[INFORMATION PROVIDED]

+ + +

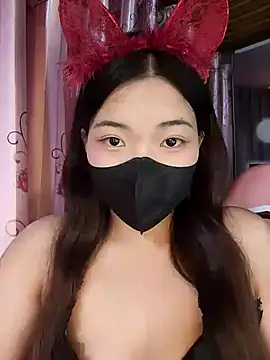 Snapshot of miu-miuuu123 chatting on October 31, 5:47 pm miu-miuuu123 online show from October 31, 5:47 pm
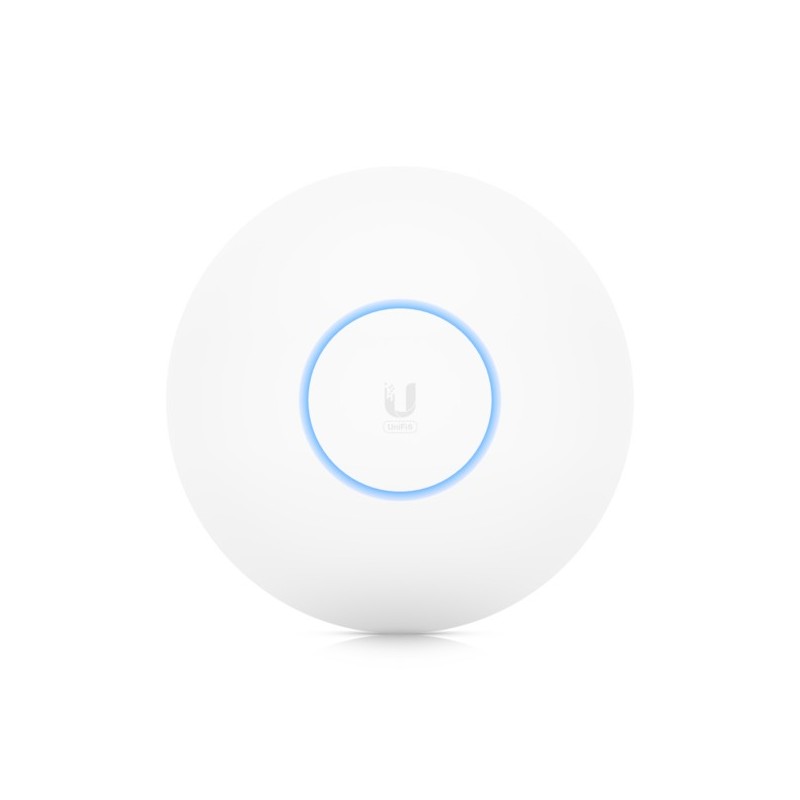 Access Point UBIQUITI U6-LR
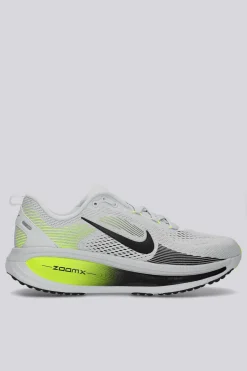 Nike Vomero 18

+ + +

[WORK ORDER] Your copy of the data should match it exactly, apart from the images, which are omitted.

[TASK RESPONSE]
 Snapshot of miu-miuuu123 chatting on October 31, 5:47 pm miu-miuuu123 online show from October 31, 5:47 pm
 Access Point UBIQUITI U6-LR
 Nike Vomero 18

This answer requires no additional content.